### Tokenization

**Tokenization** in NLP is the process of splitting text into smaller units called *tokens*. These tokens can be words, sentences, or characters.

- **Word Tokenization**: Splitting text into words (e.g., "I love programming" → `["I", "love", "programming"]`).
- **Sentence Tokenization**: Splitting text into sentences (e.g., "I love programming. It’s fun." → `["I love programming.", "It’s fun."]`).
- **Character Tokenization**: Splitting text into individual characters (e.g., "hello" → `["h", "e", "l", "l", "o"]`).
- **Subword Tokenization**: Splitting words into meaningful sub-units (e.g., "unhappiness" → `["un", "happiness"]`).

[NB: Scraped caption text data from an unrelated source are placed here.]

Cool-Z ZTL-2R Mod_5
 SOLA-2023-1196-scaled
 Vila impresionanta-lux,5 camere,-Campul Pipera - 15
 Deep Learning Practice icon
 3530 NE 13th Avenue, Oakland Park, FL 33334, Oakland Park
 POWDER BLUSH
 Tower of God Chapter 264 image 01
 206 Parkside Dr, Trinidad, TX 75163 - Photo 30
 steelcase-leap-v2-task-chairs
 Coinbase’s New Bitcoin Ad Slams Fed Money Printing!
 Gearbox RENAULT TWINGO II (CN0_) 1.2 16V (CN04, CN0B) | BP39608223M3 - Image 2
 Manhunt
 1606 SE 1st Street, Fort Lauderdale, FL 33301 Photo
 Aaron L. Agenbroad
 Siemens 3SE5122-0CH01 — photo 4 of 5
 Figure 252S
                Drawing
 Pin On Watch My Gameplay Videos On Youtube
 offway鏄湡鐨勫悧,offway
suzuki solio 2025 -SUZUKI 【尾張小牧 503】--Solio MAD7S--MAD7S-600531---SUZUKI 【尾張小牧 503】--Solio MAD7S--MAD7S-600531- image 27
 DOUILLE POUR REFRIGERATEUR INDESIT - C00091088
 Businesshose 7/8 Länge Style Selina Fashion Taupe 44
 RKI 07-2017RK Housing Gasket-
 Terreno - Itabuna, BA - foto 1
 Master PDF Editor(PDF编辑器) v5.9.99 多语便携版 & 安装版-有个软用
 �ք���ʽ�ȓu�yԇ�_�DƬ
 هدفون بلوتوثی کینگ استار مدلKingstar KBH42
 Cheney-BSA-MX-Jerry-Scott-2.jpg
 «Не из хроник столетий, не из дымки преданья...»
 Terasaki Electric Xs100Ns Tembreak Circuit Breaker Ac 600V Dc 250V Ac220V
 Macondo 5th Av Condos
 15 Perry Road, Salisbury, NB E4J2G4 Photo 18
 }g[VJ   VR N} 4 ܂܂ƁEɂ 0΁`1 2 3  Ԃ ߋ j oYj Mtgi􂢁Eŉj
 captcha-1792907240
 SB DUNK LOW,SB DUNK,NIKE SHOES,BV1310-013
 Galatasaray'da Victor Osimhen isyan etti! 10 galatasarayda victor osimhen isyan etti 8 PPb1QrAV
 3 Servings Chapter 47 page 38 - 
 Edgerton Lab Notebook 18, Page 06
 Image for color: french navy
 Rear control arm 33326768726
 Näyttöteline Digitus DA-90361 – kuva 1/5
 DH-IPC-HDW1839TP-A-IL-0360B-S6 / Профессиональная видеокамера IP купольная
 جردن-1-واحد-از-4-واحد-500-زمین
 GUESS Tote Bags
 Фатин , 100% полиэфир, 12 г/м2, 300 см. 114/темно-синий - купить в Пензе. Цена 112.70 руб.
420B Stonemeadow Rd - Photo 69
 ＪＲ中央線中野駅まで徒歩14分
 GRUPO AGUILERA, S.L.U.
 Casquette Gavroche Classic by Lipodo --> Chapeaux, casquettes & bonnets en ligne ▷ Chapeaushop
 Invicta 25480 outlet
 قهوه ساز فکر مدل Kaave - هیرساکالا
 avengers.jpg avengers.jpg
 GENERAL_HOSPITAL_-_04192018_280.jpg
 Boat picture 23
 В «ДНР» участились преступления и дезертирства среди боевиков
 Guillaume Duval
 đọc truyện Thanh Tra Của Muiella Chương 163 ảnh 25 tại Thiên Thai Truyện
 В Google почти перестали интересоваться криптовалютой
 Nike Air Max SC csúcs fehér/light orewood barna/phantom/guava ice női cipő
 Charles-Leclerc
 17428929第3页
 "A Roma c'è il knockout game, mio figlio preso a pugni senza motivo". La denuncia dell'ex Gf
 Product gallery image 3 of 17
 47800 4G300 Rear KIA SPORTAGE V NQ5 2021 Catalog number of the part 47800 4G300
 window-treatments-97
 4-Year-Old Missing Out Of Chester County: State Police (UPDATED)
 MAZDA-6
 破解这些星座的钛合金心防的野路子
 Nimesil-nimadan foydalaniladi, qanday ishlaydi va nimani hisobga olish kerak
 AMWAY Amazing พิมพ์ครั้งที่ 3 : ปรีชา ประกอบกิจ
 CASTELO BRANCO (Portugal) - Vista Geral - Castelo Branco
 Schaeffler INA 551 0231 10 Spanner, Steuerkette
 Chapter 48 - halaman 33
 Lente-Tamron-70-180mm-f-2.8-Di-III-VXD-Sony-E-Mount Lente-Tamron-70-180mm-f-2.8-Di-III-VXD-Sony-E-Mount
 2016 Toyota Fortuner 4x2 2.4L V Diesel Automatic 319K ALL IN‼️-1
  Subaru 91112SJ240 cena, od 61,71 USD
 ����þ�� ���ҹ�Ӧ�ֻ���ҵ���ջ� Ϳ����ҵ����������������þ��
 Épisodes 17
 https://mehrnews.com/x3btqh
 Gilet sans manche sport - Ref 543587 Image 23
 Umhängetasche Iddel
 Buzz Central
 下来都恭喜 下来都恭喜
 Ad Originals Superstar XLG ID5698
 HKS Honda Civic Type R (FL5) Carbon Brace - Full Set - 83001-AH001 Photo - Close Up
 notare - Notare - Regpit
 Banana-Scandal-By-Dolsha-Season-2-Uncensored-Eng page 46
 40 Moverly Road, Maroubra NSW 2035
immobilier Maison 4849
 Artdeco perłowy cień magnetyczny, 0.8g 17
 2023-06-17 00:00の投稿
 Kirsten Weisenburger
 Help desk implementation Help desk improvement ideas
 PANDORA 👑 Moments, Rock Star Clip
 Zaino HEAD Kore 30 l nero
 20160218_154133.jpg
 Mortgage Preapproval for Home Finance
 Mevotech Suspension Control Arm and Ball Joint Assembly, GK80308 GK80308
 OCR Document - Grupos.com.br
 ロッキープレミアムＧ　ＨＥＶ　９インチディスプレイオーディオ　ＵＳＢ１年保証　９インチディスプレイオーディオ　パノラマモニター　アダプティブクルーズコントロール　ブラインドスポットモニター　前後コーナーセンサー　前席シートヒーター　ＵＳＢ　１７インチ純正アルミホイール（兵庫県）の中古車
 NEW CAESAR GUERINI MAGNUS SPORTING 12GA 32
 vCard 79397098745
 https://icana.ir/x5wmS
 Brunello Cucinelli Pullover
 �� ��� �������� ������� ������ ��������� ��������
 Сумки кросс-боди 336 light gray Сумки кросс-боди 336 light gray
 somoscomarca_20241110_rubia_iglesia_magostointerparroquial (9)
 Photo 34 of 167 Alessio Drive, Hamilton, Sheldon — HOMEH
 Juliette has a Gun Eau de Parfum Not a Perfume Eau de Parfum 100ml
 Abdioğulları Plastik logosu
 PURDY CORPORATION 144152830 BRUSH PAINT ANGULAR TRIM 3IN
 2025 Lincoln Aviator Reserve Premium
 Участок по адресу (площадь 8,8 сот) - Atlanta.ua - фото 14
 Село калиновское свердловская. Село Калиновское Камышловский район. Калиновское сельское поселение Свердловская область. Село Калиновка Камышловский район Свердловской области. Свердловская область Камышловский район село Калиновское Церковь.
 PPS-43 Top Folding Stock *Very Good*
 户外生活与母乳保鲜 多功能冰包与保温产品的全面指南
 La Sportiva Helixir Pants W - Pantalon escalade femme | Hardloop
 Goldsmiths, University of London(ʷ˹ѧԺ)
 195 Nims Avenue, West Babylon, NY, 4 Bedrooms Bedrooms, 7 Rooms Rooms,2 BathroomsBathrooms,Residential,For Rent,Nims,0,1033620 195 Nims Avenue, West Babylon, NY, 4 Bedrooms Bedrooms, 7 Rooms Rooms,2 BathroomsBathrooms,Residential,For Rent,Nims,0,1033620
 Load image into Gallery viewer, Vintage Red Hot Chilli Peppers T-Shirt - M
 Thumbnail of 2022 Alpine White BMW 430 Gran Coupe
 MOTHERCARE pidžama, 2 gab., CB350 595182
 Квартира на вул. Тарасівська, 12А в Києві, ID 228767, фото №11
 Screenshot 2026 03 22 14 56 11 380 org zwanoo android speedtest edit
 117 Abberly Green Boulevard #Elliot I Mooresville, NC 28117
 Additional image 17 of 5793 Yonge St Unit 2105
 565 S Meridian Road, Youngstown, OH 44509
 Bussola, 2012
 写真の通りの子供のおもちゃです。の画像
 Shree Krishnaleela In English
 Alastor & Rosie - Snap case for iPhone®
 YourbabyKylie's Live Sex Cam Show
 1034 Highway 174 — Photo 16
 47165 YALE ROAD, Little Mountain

Tokenization is essential for breaking down text into manageable parts for further NLP tasks like text classification, sentiment analysis, or machine translation.

In [16]:
import nltk
nltk.download('punkt_tab')

[nltk_data] Downloading package punkt_tab to
[nltk_data]     C:\Users\sayan\AppData\Roaming\nltk_data...
[nltk_data]   Unzipping tokenizers\punkt_tab.zip.


True

In [4]:
corpus = 'Hello , My name is Sayan De. I am Data Science enthusiast.I build Machine Learning Projects focused on Predictive analytics. Right now I am trying to improve my conceptual understanding for NLP and Deep Learning.'

In [8]:
print(corpus)

Hello , My name is Sayan De. I am Data Science enthusiast.I build Machine Learning Projects focused on Predictive analytics. Right now I am trying to improve my conceptual understanding for NLP and Deep Learning.


In [20]:
from nltk.tokenize import sent_tokenize, word_tokenize

In [26]:
sentences = sent_tokenize(corpus)

In [28]:
sentences

['Hello , My name is Sayan De.',
 'I am Data Science enthusiast.I build Machine Learning Projects focused on Predictive analytics.',
 'Right now I am trying to improve my conceptual understanding for NLP and Deep Learning.']

In [22]:
words = word_tokenize(corpus)

In [24]:
words

['Hello',
 ',',
 'My',
 'name',
 'is',
 'Sayan',
 'De',
 '.',
 'I',
 'am',
 'Data',
 'Science',
 'enthusiast.I',
 'build',
 'Machine',
 'Learning',
 'Projects',
 'focused',
 'on',
 'Predictive',
 'analytics',
 '.',
 'Right',
 'now',
 'I',
 'am',
 'trying',
 'to',
 'improve',
 'my',
 'conceptual',
 'understanding',
 'for',
 'NLP',
 'and',
 'Deep',
 'Learning',
 '.']

In [42]:
from nltk.tokenize import TreebankWordTokenizer

In [46]:
tok = TreebankWordTokenizer()

In [48]:
tok.tokenize(corpus)

['Hello',
 ',',
 'My',
 'name',
 'is',
 'Sayan',
 'De.',
 'I',
 'am',
 'Data',
 'Science',
 'enthusiast.I',
 'build',
 'Machine',
 'Learning',
 'Projects',
 'focused',
 'on',
 'Predictive',
 'analytics.',
 'Right',
 'now',
 'I',
 'am',
 'trying',
 'to',
 'improve',
 'my',
 'conceptual',
 'understanding',
 'for',
 'NLP',
 'and',
 'Deep',
 'Learning',
 '.']

In [50]:
type(tok.tokenize(corpus))

list